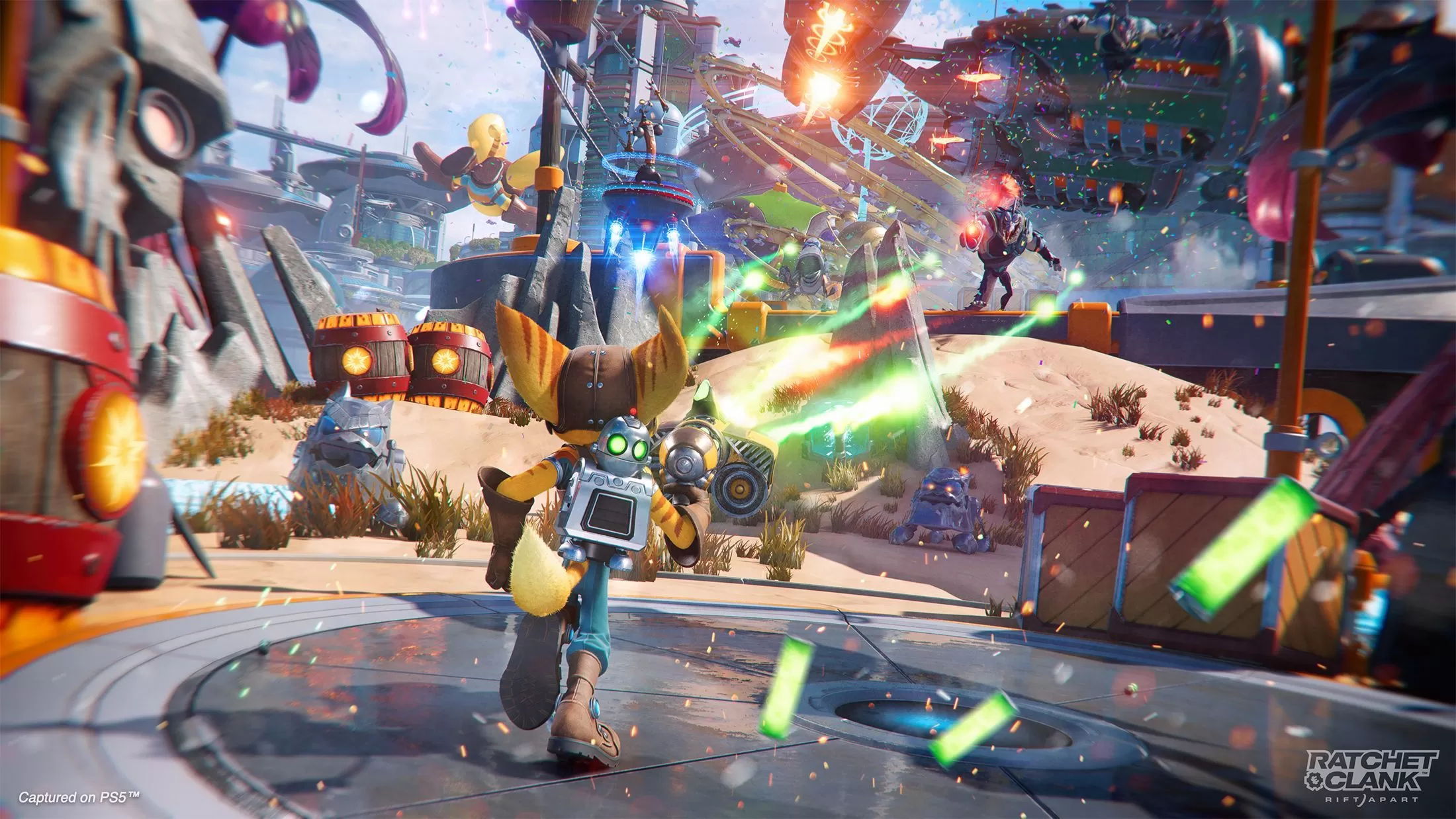 Ratchet and Clank Rift Apart Recenzia Screenshot 12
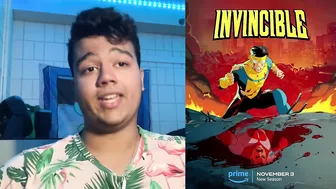 INVINCIBLE SEASON 2 OFFICIAL TRAILER REACTION!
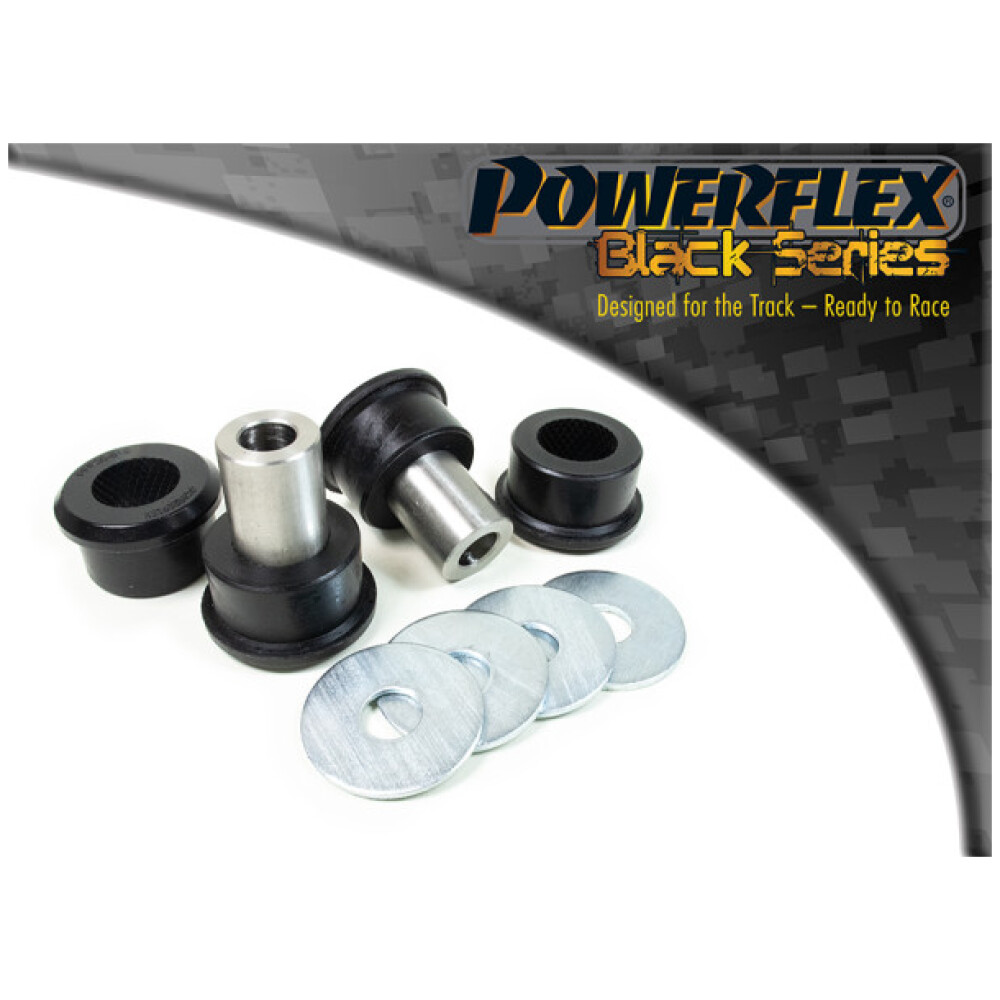 Powerflex Fiat 124 Spider incl. Abarth (2016 in poi)    Boccola braccio posteriore laterale superiore posteriore Fig.18 (2) PFR36-618BLK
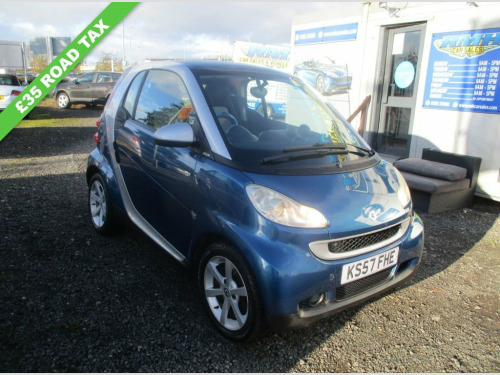 Smart fortwo  1.0 Pulse Coupe 2dr Petrol Auto Euro 4 (71 bhp) LO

━━━

Give the data again exactly. Keep the images out.

* **ANSWER FOR THIS EXERCISE**:
 Ratchet and Clank Rift Apart Recenzia Screenshot 12
 INVINCIBLE SEASON 2 OFFICIAL TRAILER REACTION!
 Powerflex Fiat 124 Spider incl. Abarth (2016 in poi)    Boccola braccio posteriore laterale superiore posteriore Fig.18 (2) PFR36-618BLK
 Smart fortwo  1.0 Pulse Coupe 2dr Petrol Auto Euro 4 (71 bhp) LO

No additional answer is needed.